• **Exercise data**
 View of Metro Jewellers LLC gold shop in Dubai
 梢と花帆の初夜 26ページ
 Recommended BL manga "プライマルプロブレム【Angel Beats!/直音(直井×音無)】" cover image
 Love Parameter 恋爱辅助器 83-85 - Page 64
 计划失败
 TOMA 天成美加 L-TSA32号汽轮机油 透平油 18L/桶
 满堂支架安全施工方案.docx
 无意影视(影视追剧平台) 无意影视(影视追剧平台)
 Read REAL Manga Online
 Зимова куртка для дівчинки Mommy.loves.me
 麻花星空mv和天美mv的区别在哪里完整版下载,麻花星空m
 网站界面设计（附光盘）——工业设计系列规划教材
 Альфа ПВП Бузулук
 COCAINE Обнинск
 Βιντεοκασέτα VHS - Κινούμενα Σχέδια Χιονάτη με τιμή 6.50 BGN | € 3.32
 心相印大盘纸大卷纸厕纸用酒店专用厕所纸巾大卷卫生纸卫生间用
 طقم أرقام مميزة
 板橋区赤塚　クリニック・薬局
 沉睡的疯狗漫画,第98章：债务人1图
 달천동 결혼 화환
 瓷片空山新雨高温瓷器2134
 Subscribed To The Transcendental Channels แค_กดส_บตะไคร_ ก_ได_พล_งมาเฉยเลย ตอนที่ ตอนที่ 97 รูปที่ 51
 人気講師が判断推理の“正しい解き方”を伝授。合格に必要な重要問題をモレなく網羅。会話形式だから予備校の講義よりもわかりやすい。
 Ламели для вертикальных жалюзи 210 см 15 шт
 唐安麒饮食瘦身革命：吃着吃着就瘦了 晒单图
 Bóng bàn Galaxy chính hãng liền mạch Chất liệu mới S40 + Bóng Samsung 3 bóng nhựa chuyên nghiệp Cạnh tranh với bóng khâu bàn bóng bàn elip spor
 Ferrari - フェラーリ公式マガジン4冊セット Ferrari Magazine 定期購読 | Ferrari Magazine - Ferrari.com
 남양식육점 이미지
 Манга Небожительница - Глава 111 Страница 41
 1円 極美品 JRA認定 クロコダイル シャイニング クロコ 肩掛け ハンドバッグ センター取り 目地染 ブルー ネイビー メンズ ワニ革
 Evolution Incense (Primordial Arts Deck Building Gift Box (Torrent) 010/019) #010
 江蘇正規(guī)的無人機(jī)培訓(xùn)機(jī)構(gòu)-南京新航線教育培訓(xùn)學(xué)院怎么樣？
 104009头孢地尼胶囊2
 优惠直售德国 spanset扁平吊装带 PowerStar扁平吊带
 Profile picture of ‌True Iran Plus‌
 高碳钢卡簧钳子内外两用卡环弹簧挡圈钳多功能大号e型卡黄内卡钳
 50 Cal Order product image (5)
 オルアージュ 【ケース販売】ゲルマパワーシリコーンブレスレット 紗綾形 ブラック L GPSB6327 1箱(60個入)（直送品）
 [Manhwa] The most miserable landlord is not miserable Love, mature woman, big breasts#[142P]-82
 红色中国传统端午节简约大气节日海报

• **Activity**
Write out the lines of the entries, word for word, from the first through the one containing "Read REAL Manga Online", and stop at that line.

• **Exercise result**
 View of Metro Jewellers LLC gold shop in Dubai
 梢と花帆の初夜 26ページ
 Recommended BL manga "プライマルプロブレム【Angel Beats!/直音(直井×音無)】" cover image
 Love Parameter 恋爱辅助器 83-85 - Page 64
 计划失败
 TOMA 天成美加 L-TSA32号汽轮机油 透平油 18L/桶
 满堂支架安全施工方案.docx
 无意影视(影视追剧平台) 无意影视(影视追剧平台)
 Read REAL Manga Online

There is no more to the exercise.